The basic advantage of this method is threefold. First, it allows huge quantities of data to be analyzed much faster than human coders could process individual documents. Second, the list of words associated with individual topics is an extremely accessible output of the LDA model that can be used to gather feedback from other individuals with knowledge of a given industry or field. Finally, the LDA method produces estimates of the probability that individual documents are about each topic that was analyzed. Given that topics can represent abstract concepts, this allows us to generate a numeric measure that is associated with some abstract quantity that would otherwise be difficult to code. The main caveats are that you have to chose the number of topics you want to generate, you need to interpret the meaning of the words associated with each topic, and topics may not represent meaningful concepts. (A textual analysis of customer reviews may generate a topic associated with profanity, rudeness, or insults, but those topics might not be relevant for a company trying to improve its operations.)

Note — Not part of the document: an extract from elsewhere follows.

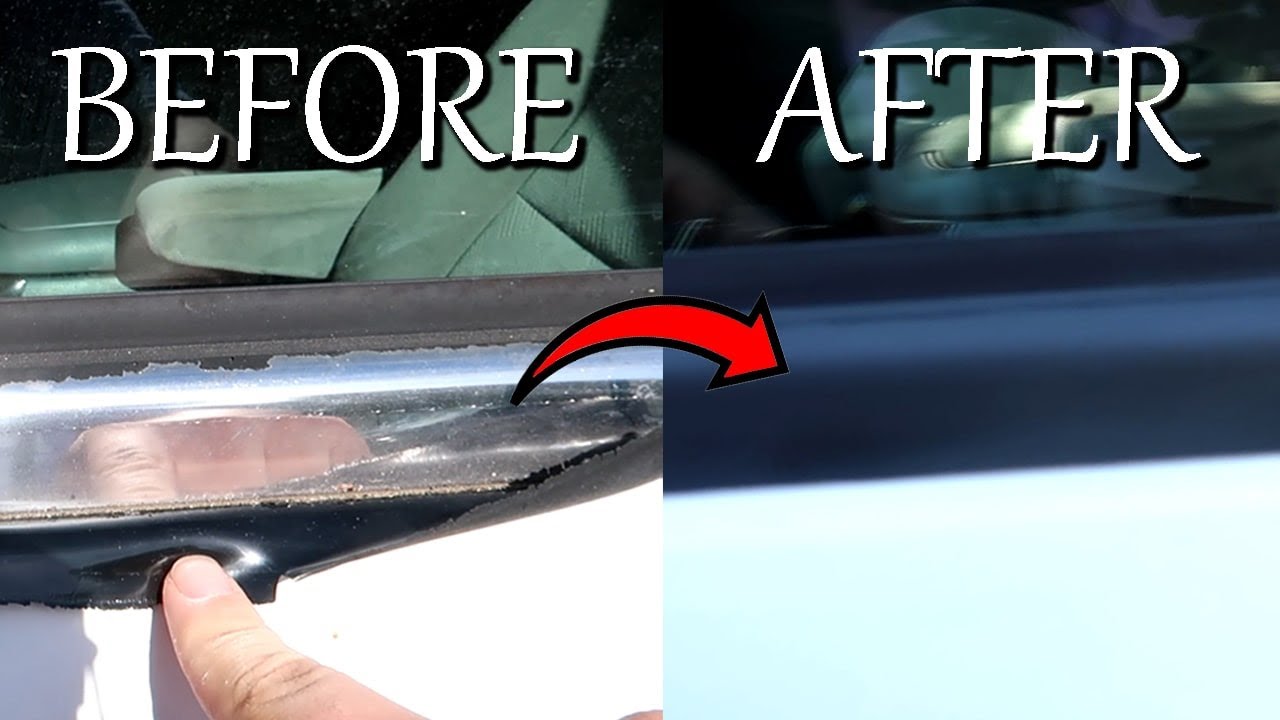 Sequoia Window Trim FIX & South Ridge Yellow Post CAMPING! YouTube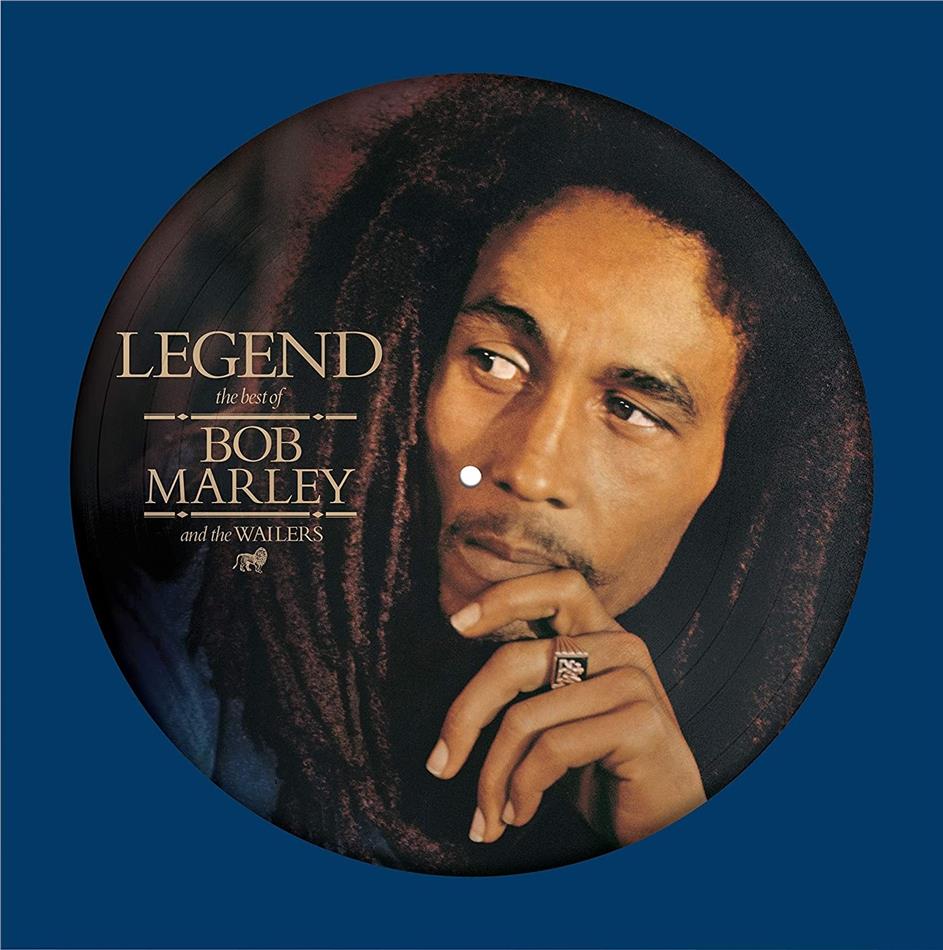 Bob Marley - Legend 2020 Reissue, Picture Disc, LP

We can now examine the list of words that were associated with the highest probability to each one of ten topics that were generated by using LDA to analyze product description data. Note that the review data was stemmed to remove suffixes from words so that words of different tenses and forms would be related to each other.

Topic 1	Topic 2	Topic 3	Topic 4	Topic 5	Topic 6	Topic 7	Topic 8	Topic 9	Topic 10
ear	ear	music	design	cabl	music	nois	high	new	driver
earphon	fit	bluetooth	qualiti	frequenc	can	cancel	comfort	product	high
cabl	comfort	wireless	color	driver	bass	listen	design	technolog	balanc
fit	design	control	ipod	respons	will	game	featur	qualiti	low
tip	use	time	bass	plug	like	system	headband	design	armatur
custom	cord	hour	ear	khz	get	use	listen	world	frequenc
isol	earbud	phone	comfort	imped	just	volum	perform	made	dynam
silicon	includ	call	player	sensit	good	featur	pad	one	diaphragm
monitor	carri	microphon	style	type	feel	level	adjust	first	hous
includ	size	devic	music	plate	sound	stereo	ear	develop	mid

Even though the algorithm that produced this list of terms did not understand any of the meaning behind these words, we can examine this term list and find that the words have real-world meaning. The first topic is a list of the physical characteristics of earbuds, the third topic is a list of features headphones can have, the fifth topic contains words related to technical specifications, the fourth and sixth topic appear to be a mixture of filler words, the seventh topic seems to be associated with noise cancellation techniques, the eight topic relates to the physical comfort associated with using a given pair of headphones, and the tenth topic contains a number of words that are associated with how audiophiles describe headphone quality (its highs and lows, its balance, its dynamism, and so on).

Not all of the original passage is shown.